Mais tarde, sua mãe veio a conhecer José Mesiano, - que lhe acrescentou depois o sobrenome - proprietário de um salão de cabeleireiros e militante do partido comunista. O espírito revolucionário do padrasto forjou a personalidade de Serginho e foi sob sua influência que o poeta teve seu primeiro contato com a leitura, por meio da obra de Monteiro Lobato.
Depois de morar em diversos pontos da cidade, a família adquiriu uma casa no Parque Santo Antônio, próximo ao Capão Redondo. Ao mesmo tempo em que a vida na periferia trouxe à vista do poeta um cenário de exclusão, injustiça e preconceito, aproximou-o de novos valores e referências culturais, entre elas, o samba dos botecos e o rap dos jovens de sua idade.
Descobriu a poesia nas canções do primeiro disco de Zeca Pagodinho, comprado em sociedade com o amigo Adoaldo. Mais tarde, ao ouvir a música dos Racionais MC’s e ao ler os poemas de Ferreira Gullar e Castro Alves, Serginho identificou-se com a expressão artística inspirada na realidade social. Seus versos narram episódios pessoais e corriqueiross, vistos sob um olhar atento a questionamentos sócio-culturais e, sobretudo à capacidade do ser-humano de superar os obstáculos da vida cotidiana.
Em 1998, casou-se e teve um filho, Hector. Em 2001, aos trinta e um anos, conheceu a “Comunidade Samba da Vela”, projeto cultural realizado no bairro de Santo Amaro.

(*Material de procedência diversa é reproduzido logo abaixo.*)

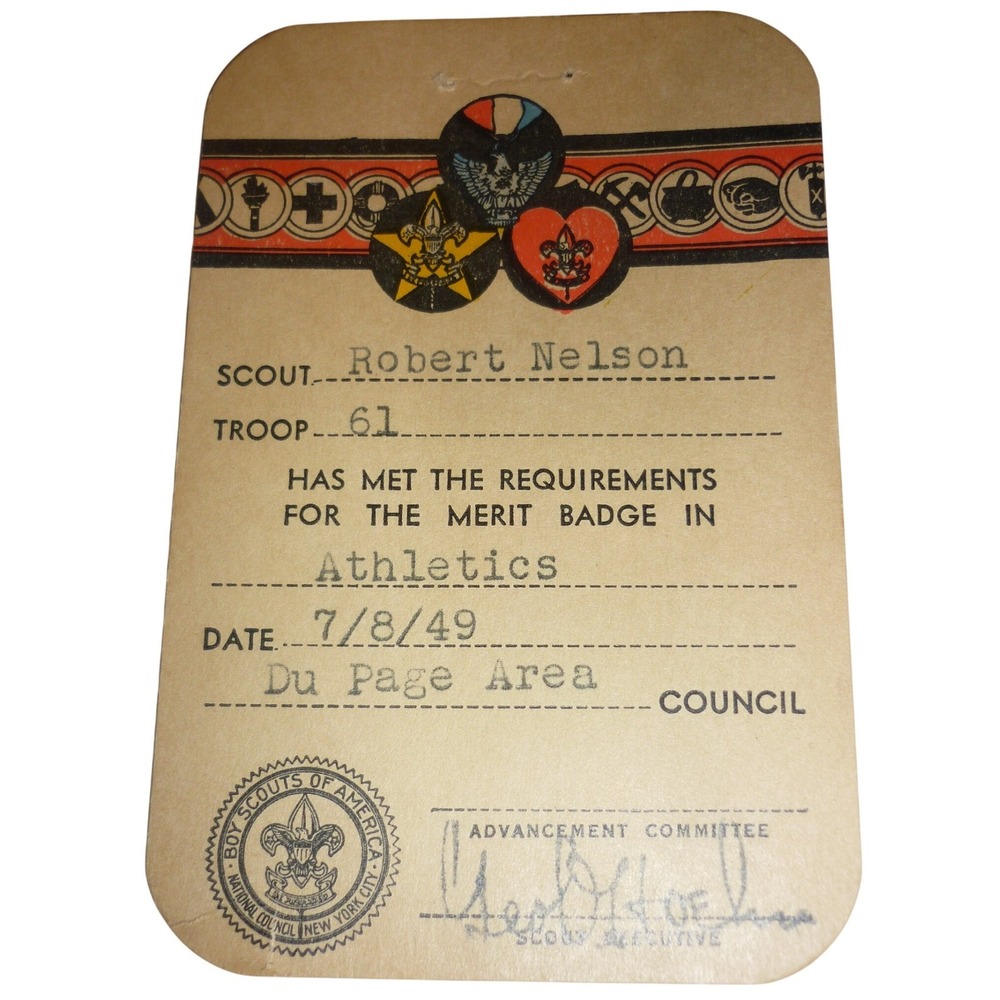 Vintage 1949 Boy Scouts‎ BSA Athletics Merit Badge Card Du Page Area Council T61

Em uma noite memorável, por sugestão de um dos organizadores, Magno de Souza, o então motoboy declamou “Negro Poeta de Esquina” e, a partir deste dia, foi batizado Serginho Poeta e passou a integrar as apresentações do grupo.
Serginho atualmente cursa ciências sociais na Escola de Sociologia e Política de São Paulo (ESP) e continua morando no mesmo Parque Santo Antônio, de tantas alegrias e sofrimentos, próximo ao filho, aos pais e amigos.